Print the lines from the one containing "Outlet Forest Fog" through the end of the material below, both included, exactly as they appear and without pictures.
__________________________________________________
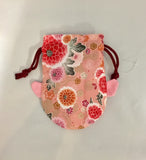 Japanese Kimono Fabric Cosmetic Koi Small Purse Kinchaku - Pink Fish Bag
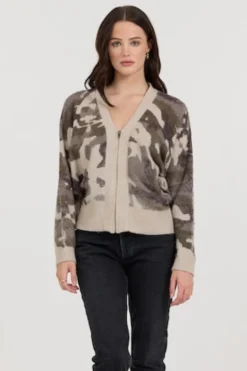 Outlet Forest Fog Camo Zip Up Sweater All Tops|Sweaters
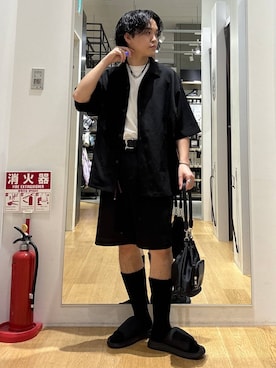 「HARE（ハレ）のファイヤーマンベルト(HARE)（ベルト、ブラック系）」を使った、ぬまさん（メンズ・166cm）の春コーディネート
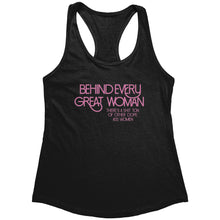 Load image into Gallery viewer, Empower | Behind Every Great Woman | Pink Print Women's Racerback Tank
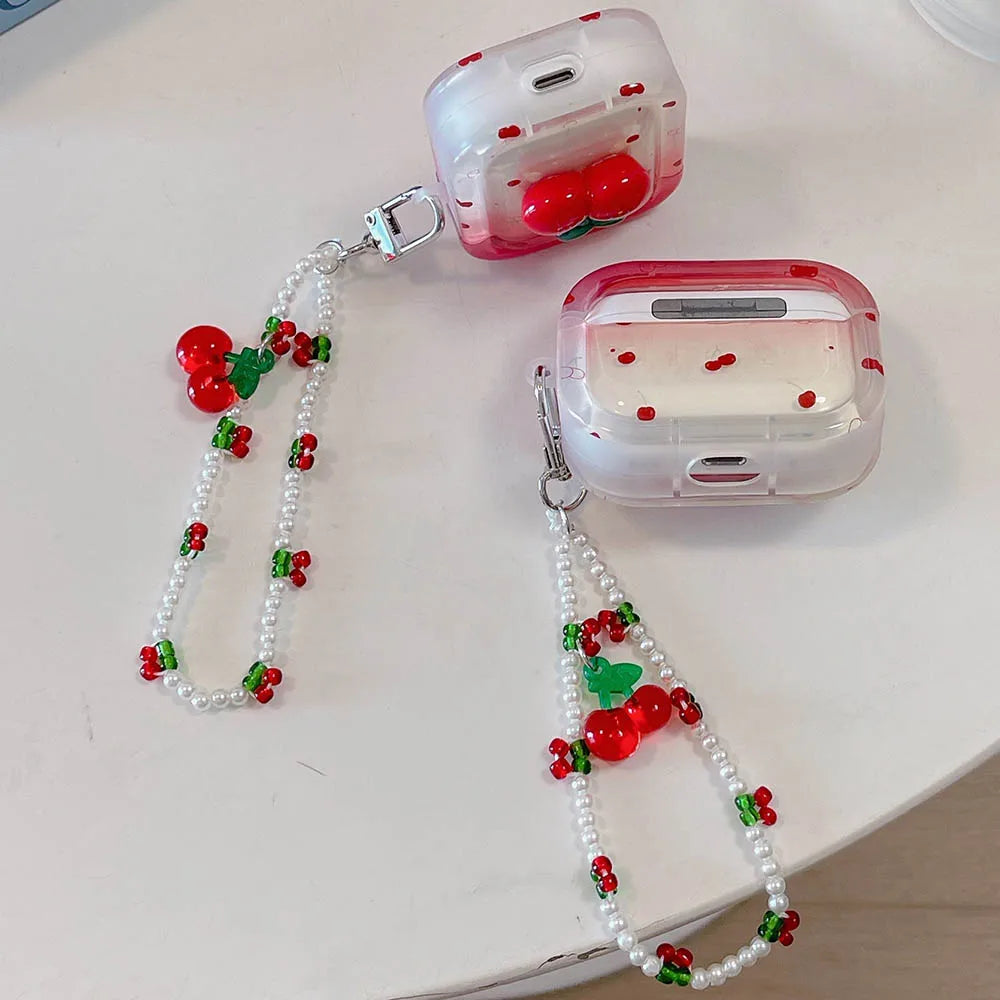 🍒 Adorable 3D Cherry TPU AirPods Case with Pearl Bracelet ✨💕 - Pixie Quill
__________________________________________________
▸ **Exercise response**
 Outlet Forest Fog Camo Zip Up Sweater All Tops|Sweaters
 「HARE（ハレ）のファイヤーマンベルト(HARE)（ベルト、ブラック系）」を使った、ぬまさん（メンズ・166cm）の春コーディネート
 Load image into Gallery viewer, Empower | Behind Every Great Woman | Pink Print Women's Racerback Tank
 🍒 Adorable 3D Cherry TPU AirPods Case with Pearl Bracelet ✨💕 - Pixie Quill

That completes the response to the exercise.